Simon est un mental, s’intéresse à beaucoup de choses et aimerait que les décisions soient logiques :

  Simon : Mais pourquoi les baleines ?
  Léo : [Enthousiaste.] Mais pourquoi pas les baleines ?
  Simon : Ah oui, non, non. Ben non. Mais t’es sûr que c’est la saison ? Parce que tu sais que j’ai vu l’autre jour un documentaire à la télé justement qui disait que les baleines…
  Léo : [Il l’interrompt, amusé.] Faut toujours que tu la ramènes, toi. Hein ?
  Simon : Ah non. C’est pas moi. Ils l’ont dit à la télé, Papa.
  Léo : [Irrité.] Et toi, tu crois toutes les conneries qu’on dit à la télé ? Les baleines à bosse sont des baleines qui ne sont pas comme les autres, je te signale, Monsieur Je-Sais-Tout.
  Simon : Non, moi je disais ça comme ça. C’est un peu bête d’aller au Canada voir les baleines si ces baleines, elles sont parties ailleurs.
  Léo : [Il crie.] Elles ne seront pas parties ailleurs.
  Simon : Bon. Bon. Moi, je voulais pas que tu sois déçu, c’est tout. Mais en tout cas, ils avaient l’air de s’y connaître parce que, tu sais, ils les ont suivies pendant un an et ils avaient l’air de dire que ces baleines grises à bosse…
  Léo : [Il hurle.] Les baleines grises, jaunes, vertes, rouges, à bosse ou sans bosse, je m’en tape les couilles. C’est clair, ça, Simon ?
  Simon : Oui, oui. Mais alors pourquoi on va au Canada ?

Sur le plan de l’information, il passe son temps à rectifier les propos de Léo :

  Léo : À nous le Grand Nord ! À nous les baleines !
  Simon : Pas le Grand Nord. Le Québec, Papa.

Ou bien au Canada "C’est pas un noisetier, c’est un érable.", puis "C’est pas un aigle, c’est une buse."

Optimiste, Simon ne comprend pas très bien les sentiments réels des gens. Dans le pub, il ne résiste pas à répondre aux provocations de l’homme qui l’accuse de regarder sa compagne au risque de provoquer une bagarre qu’il ne peut pas physiquement gagner. Lors du repas d’anniversaire de Léo, il est ravi que ses deux frères soient présents ("C’est tellement bon de vous voir réunis ici") et il porte un toast tellement "léger" que Max et David s’en vont.

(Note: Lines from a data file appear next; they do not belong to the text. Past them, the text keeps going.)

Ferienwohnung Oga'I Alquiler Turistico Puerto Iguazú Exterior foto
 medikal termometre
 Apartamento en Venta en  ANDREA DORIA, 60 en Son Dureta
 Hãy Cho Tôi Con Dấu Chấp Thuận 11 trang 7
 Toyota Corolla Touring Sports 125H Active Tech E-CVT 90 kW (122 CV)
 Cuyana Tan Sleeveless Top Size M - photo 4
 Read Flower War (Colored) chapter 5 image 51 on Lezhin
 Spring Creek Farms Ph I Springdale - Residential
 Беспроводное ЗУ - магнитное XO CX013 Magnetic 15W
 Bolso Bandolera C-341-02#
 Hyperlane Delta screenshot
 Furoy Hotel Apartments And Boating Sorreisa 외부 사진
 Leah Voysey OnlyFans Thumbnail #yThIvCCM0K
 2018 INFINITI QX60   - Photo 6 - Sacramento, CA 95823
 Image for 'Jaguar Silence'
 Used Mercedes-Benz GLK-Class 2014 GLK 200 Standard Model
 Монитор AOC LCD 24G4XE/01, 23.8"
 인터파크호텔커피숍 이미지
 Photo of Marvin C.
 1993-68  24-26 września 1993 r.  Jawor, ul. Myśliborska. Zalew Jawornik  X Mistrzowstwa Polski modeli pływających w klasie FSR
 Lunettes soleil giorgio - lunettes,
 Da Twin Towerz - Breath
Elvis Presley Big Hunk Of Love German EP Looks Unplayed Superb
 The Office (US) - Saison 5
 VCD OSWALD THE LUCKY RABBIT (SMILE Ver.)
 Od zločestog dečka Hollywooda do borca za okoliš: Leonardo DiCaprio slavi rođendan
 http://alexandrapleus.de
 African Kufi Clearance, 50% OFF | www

Identification avancée : Simon est un 7 μ à aile 6.

Père et fils: MaxMax (Bruno Putzulu) : 6

Doux et tendre, Max est le personnage dont l’ennéatype est le moins évident. L’hypothèse 6 est quand même la plus probable, même si d’autres peuvent être envisagées.

Max est perpétuellement angoissé, que ce soit à l’idée de se retrouver en vacances avec David ou de partir au Québec (il arrive avec trois heures d’avance à l’aéroport). Quand Léo dort, il le croit instantanément mort et il panique. Lorsque Léo et Simon sont sortis le soir à Montréal, il fait la tête le lendemain dans la voiture : "C’est vrai, vous auriez pu prévenir, quoi. J’ai pas fermé l’œil. J’ai passé la nuit à vous attendre."

Il privilégie le mental : "Je comprends rien, moi.", dit-il par exemple, quand il apprend que la soi-disant cousine de Limoges était une pute.

Max est totalement loyal à sa famille. Il se bat dans le pub avec Simon au cri de : "Touche pas mon frère, toi." Il a viré l’ouvrier qui voulait briser les deux jambes de David avec Berthier, après les avoir menacés de les dénoncer aux flics. Mais il ne supporte pas d’avoir été obligé d’aller jusque-là pour le protéger : "Y a des saloperies que j’aurais jamais cru faire. Même pour un frère." Réaction typiquement 6, il entre alors en opposition contre son frère.

Identification avancée : Max est un 6 α.

Autres

D’autres personnages peuvent être étudiés à l’aide de l’Ennéagramme :

Jacques (joué par Pierre Lebeau), le représentant en farces et attrapes qui aimait sa femme "comme un fou" et a passé sa vie avec elle à "rigoler", qui maintenant qu’elle est morte "a promis de continuer à la faire rire", et qui met des boîtes à rires dans sa fosse et pense "qu’elle va adorer cette surprise-là" est un 7.

Mado (jouée par Marie Tifo), la guérisseuse, est un 8.